Teeming, shabby shops are strung out in rugged array along the road-- a shantytown more than a city. Xuan Loc is larger than I remember and as nondescript. Then it was a typical military town teeming with soldiers, trucks, weapons. Now, it is a typical provincial capital teeming with poor peasants, produce, scooters. Nothing looks familiar...but then, how could it. My life was lived in compounds, not neighborhoods; outposts, not towns.

We stop for lunch and my North Vietnamese friend asks around to see if anyone remembers where the ARVN division compounds were; difficult in a country where 50 percent of the people are under 30. My stomach is turning; my mind spinning. Where am I? Everything is so ordinary, so routine. We drive by an intersection of two main roads enclosing a marketplace. This was where one compound --perhaps mine?-- was located, folks say. Nothing remains. Not a scrap.

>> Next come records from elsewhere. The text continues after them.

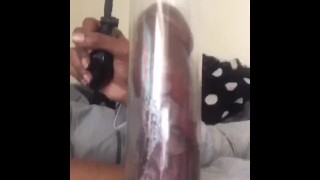 BBC PENIS PUMP (first ever video)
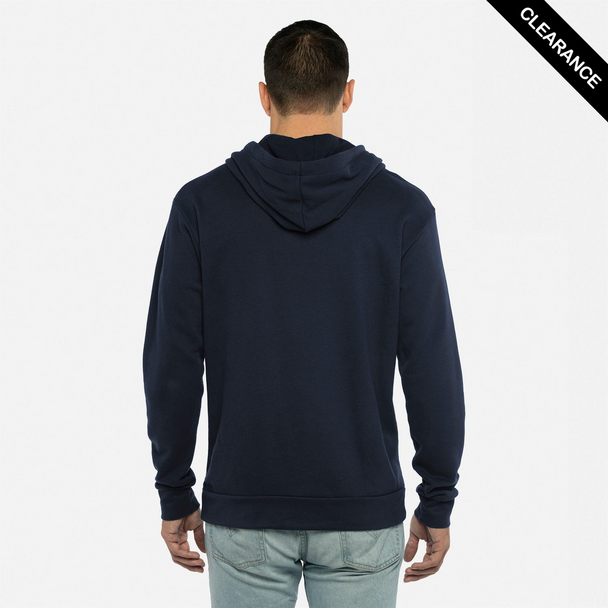 Clearance - Next Level 9304 Adult Sueded French Terry Pullover Sweatshirt | Midnight Navy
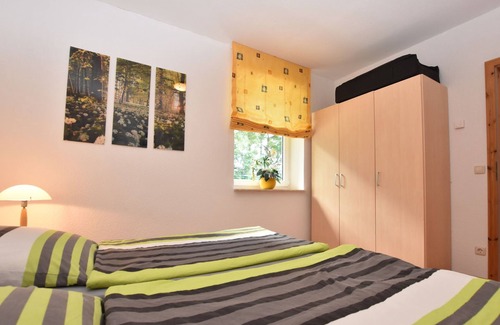 Damshagen House | Farm holiday home in Damshagen with garden seating and sauna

My past is gone here. I cannot reconstruct it, touch it, feel it. But how can this be possible? So much happened here: to friends, to the people I worked with-- parents of the youth careening around on their scooter-- and to me. To me. Can I find the man who served here day after day, week after week; the fears, briefings, midnight firefly missions, B-52 arclight missions, 8-inch gun serenades, dawn perimeter walks with a .45 strapped to my side? The monotony, the mud, the dust --red dust-- the order of battle analyses, questionable intelligence sources, flimsy certainties, reluctant ARVN, drumbeat of demands for body count, briefings to commanders who weren't sure of what they commanded in a war that grew more perplexing, more frustrating, by the month. A war where there were more beer trucks than tanks and where logistical support took on a whole new meaning played out in Japanese electronics in every hootch, abundant beer and air conditioning and American food.

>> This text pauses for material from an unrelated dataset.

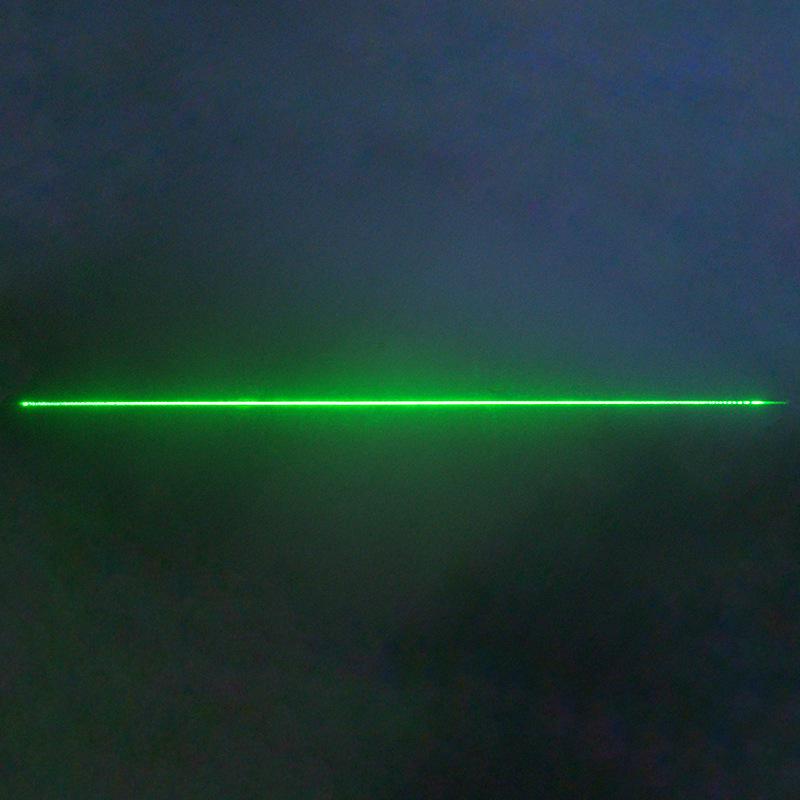 12x50mm 80mW 532nm Green Laser Line Module for Positioning Equipment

We didn't live Vietnam, eat Vietnam. We were stationed in Vietnam. We didn't see Vietnam --really see Vietnam. We saw the U.S. in Vietnam --from the semi's hauling along the road out of Long Binh/Bien Hoa, to the UH-1 "Huey" helicopters chopping the air over our heads. We saw Vietnamese in U.S.-made uniforms, weighed down by U.S. equipment, fighting a war defined by the U.S., with a strategy and tactics fashioned by the U.S. Everything was out of place, wrong. We were out of touch with the land, the people, the culture, the history. We had created an American presence in an Asian land, guided by American, not Vietnamese, objectives. We played out our hopes and dreams, not those of the Vietnamese. We played out --superimposed-- our history, not that of Southeast Asia. Our only connection was war, and the incredible violence it brought to this land.

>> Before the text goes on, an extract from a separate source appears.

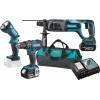 

Набор аккумуляторных инструментов Makita DLX3043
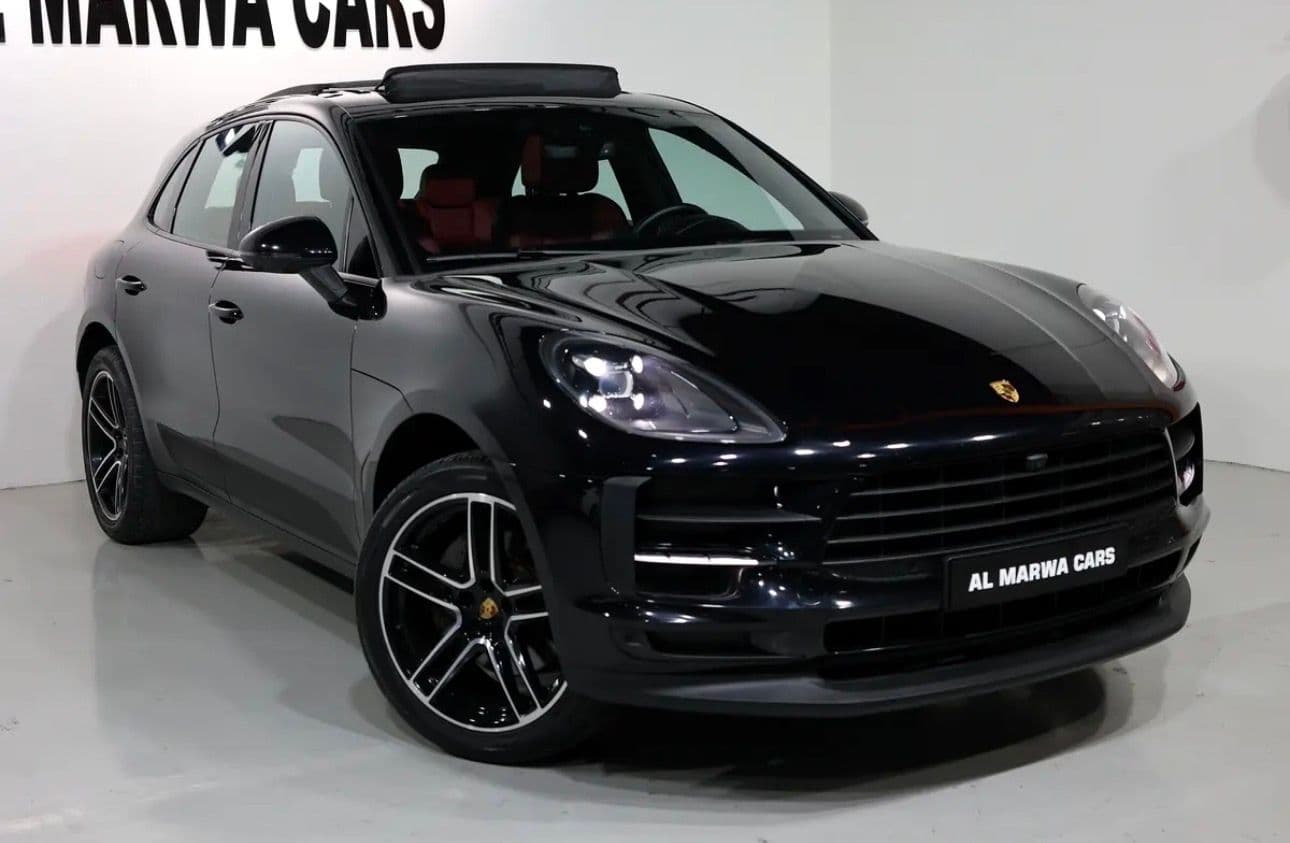 2020 Porsche Macan in pristine condition -GCC spec - Image 1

So what was I searching for that hot afternoon in Xuan Loc? Something solid, something real, something connected? Yes, because I was disconnected and had been for 30 years; disconnected from my life and dreams before the war and my life following the war. Something came undone here, broke here, and I needed to find it. But it wasn't there, at least not physically. How could it be? Our entire presence was disconnected from Vietnamese reality, except the destruction and the blood. I was looking for a phantom reality that had evaporated as if it had never existed.

We finally drove back to the main square of Xuan Loc where an NVA tank sits prominently. We stopped, my friend solicitous, watching me intently, aware of the turmoil. Hidden by overgrown shrubs off the square was a memorial; simple, crumbling. It was a memorial commemorating the Final Offensive in 1975 and the battle at Xuan Loc that was its climax. I approached it, walked around it and finally had to ask my friend to leave. Tears welled up; my throat got tight. This was where some of the people I knew --ARVN-- died or were captured. This was where everything I had known in Vietnam --the America in Vietnam-- had been obliterated. I cried for them and for the part of me that had been here 30 years ago. And then...it was over. Over. I took some soil from this place to remember this moment when I could finally bury the ghosts.

I then walked back to the car to find my friend waiting for me, understanding and concerned. I walked back to the car and into the Vietnam of today, not the Vietnam of the past that I had been living with for these 30 years. And we smiled.